Many Americans are trying to cut back on sugar and calories, and soft drink companies have felt the pinch. “Soda consumption has declined persistently in recent years, with public health officials blaming it for making people fat and calling for special taxes and even warning labels on cans,” The Associated Press reports.
Americans who aren’t ready to give up soda seem to be more than willing to buy smaller versions – 7.5-ounce cans and 8-ounce bottles – of their favorite soft drinks. The bigger cans contain about 140 calories, compared with 90 calories in the smaller can. But Money said those little cans come with a hefty price tag:
Beyond their nontraditional size, what all of the smaller soda items have in common is that they’re “premium-priced packages.” Yes, the value proposition in the trendy category is that you not only get less product, but you get to pay more for the privilege. Coca-Cola estimates that consumers typically pay 31 cents for each traditional 12-ounce Coke purchased in a 12- or 24-pack at the supermarket. By contrast, the average price per 7.5-ounce mini can breaks down to 40 cents a pop.
Coca-Cola said it is selling less soda, but its revenue is actually up because the smaller cans and bottles are so popular, the AP said. “Sales of Coke’s smaller sizes, which include a 1.25-liter bottle as an alternative to the 2-liter bottle, were up 9 percent last year through October,” the AP reports.

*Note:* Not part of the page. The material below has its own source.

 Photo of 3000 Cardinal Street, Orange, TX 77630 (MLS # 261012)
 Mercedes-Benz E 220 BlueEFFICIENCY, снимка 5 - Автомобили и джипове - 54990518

Though Americans’ intentions are good when they buy the smaller cans of soda, unfortunately, they’re not actually reducing how much soda they drink, Money said.
The great (or sad) irony is that research shows that consumers tend to buy (and drink) far more sugary drinks when they’re purchased in smaller packages. Therefore, whatever health benefits may have been gained via the small size is likely outweighed by the fact that you’re consuming as many or more ounces of soda overall.
As cute as the mini cans and bottles of soda may be (I love them!), from a money-saving standpoint, if you’re concerned about the sugar and calories, you’d be better off buying the big brother version, drinking half the can, and tossing the rest in the garbage.
Soda is definitely my vice. I typically buy a 12-pack of cans. As it happens, I rarely drink an entire can and usually end up dumping half down the drain. I’m happy to discover that I’ve unknowingly been more cost-conscious by dumping the pop, rather than buying the smaller cans.